### WORK TO COMPLETE
Make an exact copy of the entries below with the pictures removed.

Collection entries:
== Segment start ==
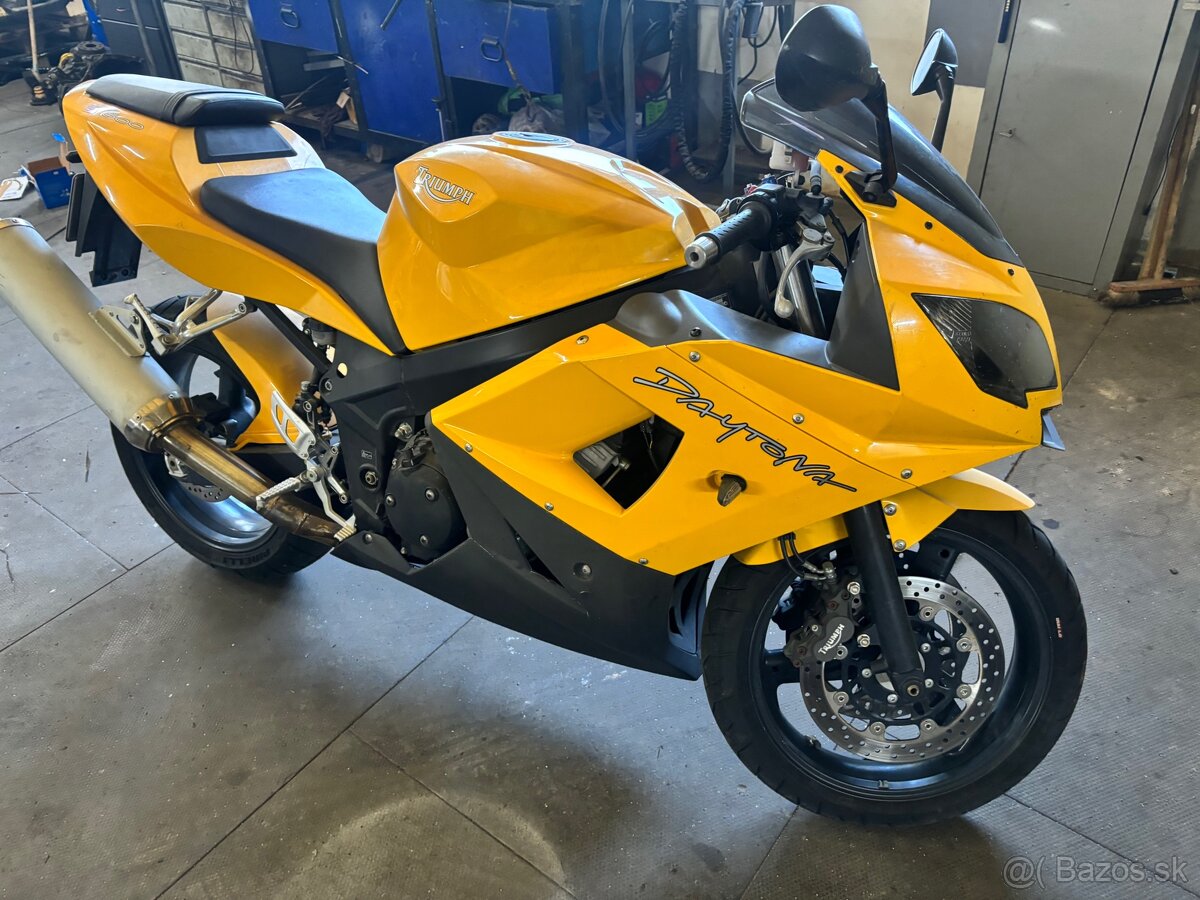 Triumph Daytona - 2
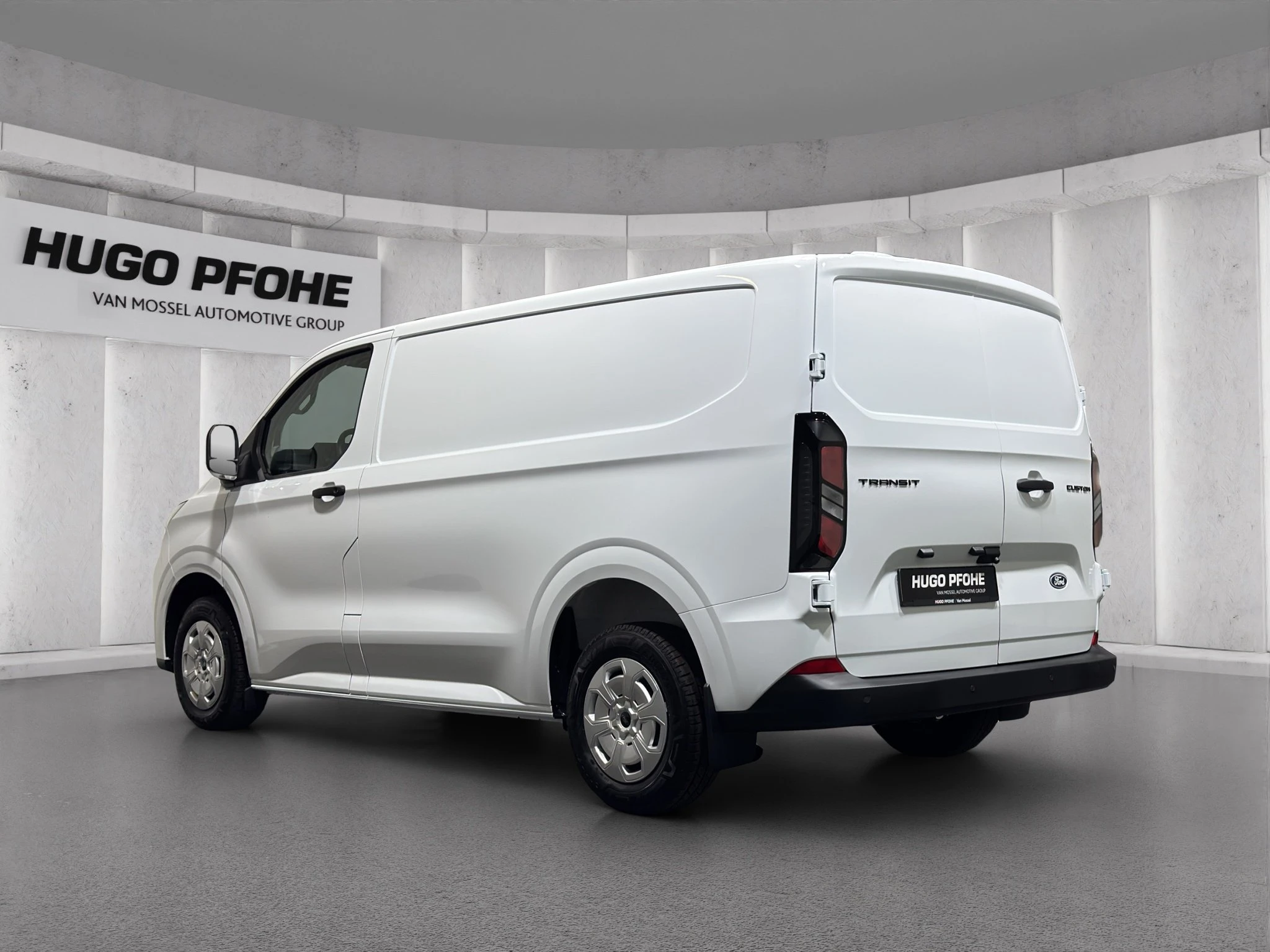 Ford-Transit Custom-image-2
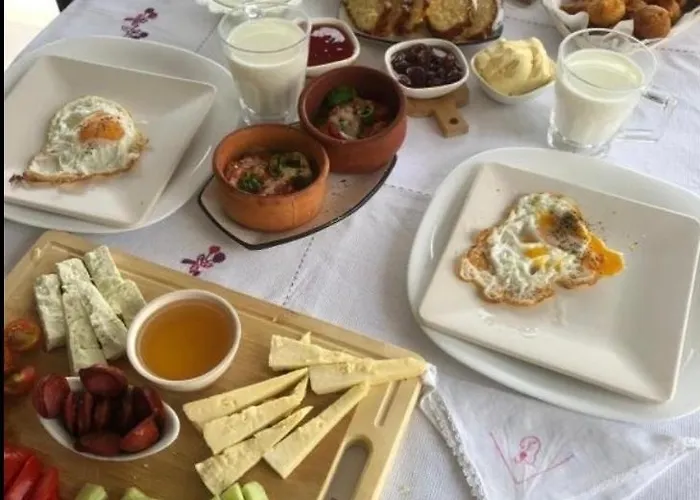 Alva Konukevi Gjirokastër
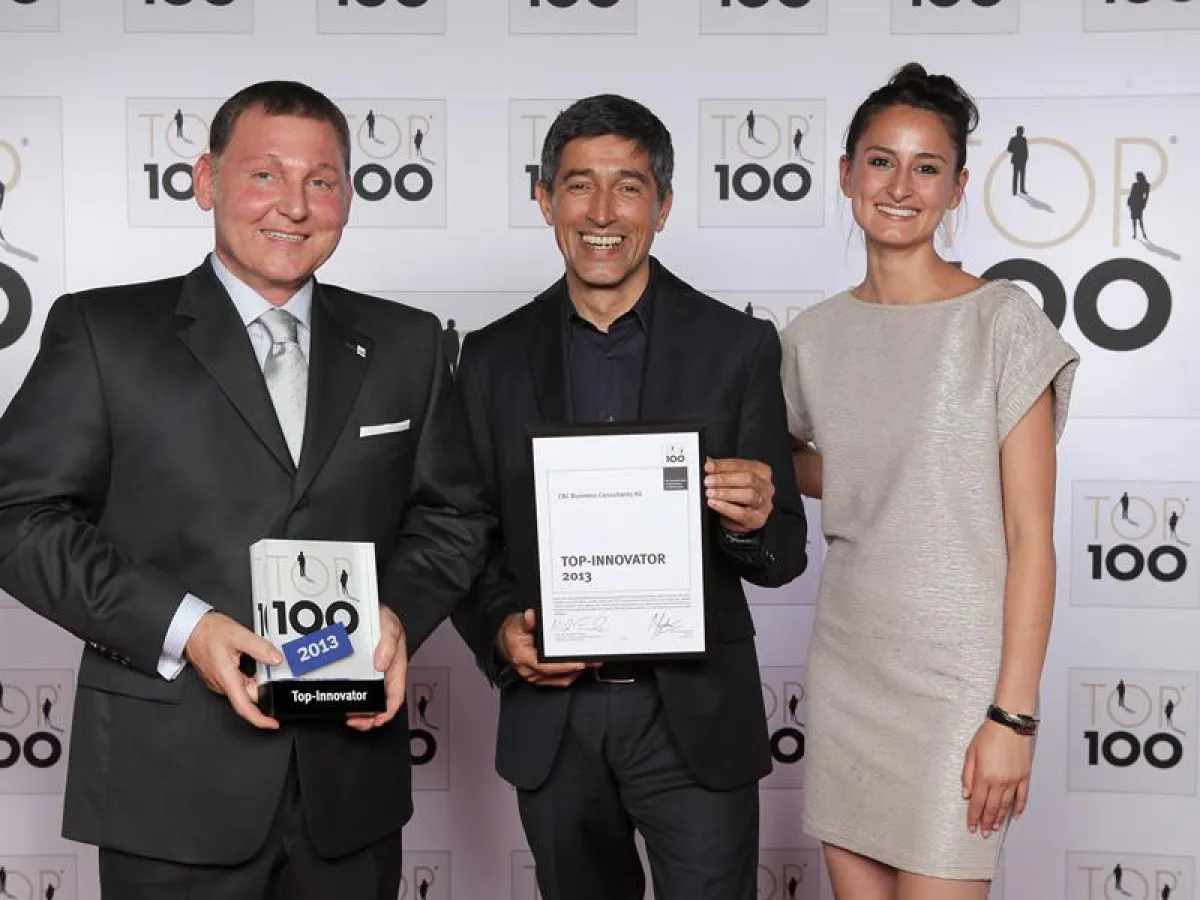 v.l. Rainer Kurp (Vorstand CBC BC AG), Ranga Yogeshwar (Mentor TOP 100), Tülin Basbuga (CBC BC AG))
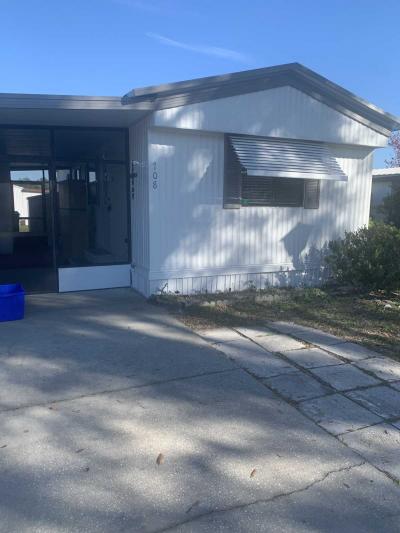 Mobile Home at 708 Magnolia Lane Wildwood, FL 34785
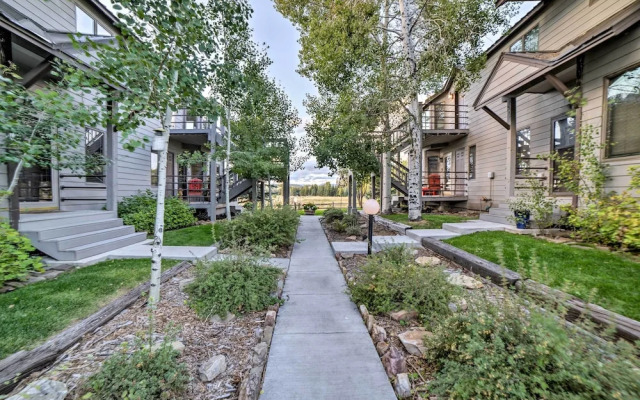 Pagosa Condo w/ Deck, 4 Mi to Hot Springs & Dtwn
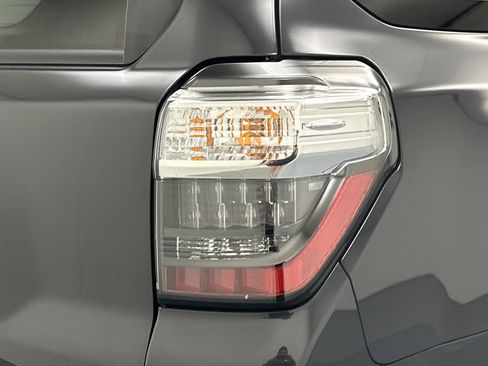 Certified 2024 Toyota 4Runner Limited AWD/4WD image 21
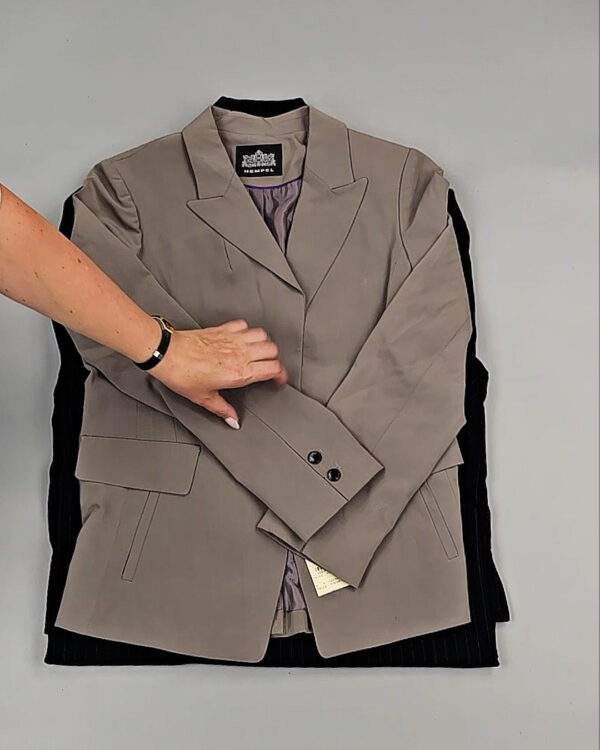 Фотография  972 - Жакеты Корея 085#10 кг, ЛОТ № СТ-9240 оптом в Благовещенске и Амурской области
== Segment end ==
### FINISHED EXERCISE
 Triumph Daytona - 2
 Ford-Transit Custom-image-2
 Alva Konukevi Gjirokastër
 v.l. Rainer Kurp (Vorstand CBC BC AG), Ranga Yogeshwar (Mentor TOP 100), Tülin Basbuga (CBC BC AG))
 Mobile Home at 708 Magnolia Lane Wildwood, FL 34785
 Pagosa Condo w/ Deck, 4 Mi to Hot Springs & Dtwn
 Certified 2024 Toyota 4Runner Limited AWD/4WD image 21
 Фотография  972 - Жакеты Корея 085#10 кг, ЛОТ № СТ-9240 оптом в Благовещенске и Амурской области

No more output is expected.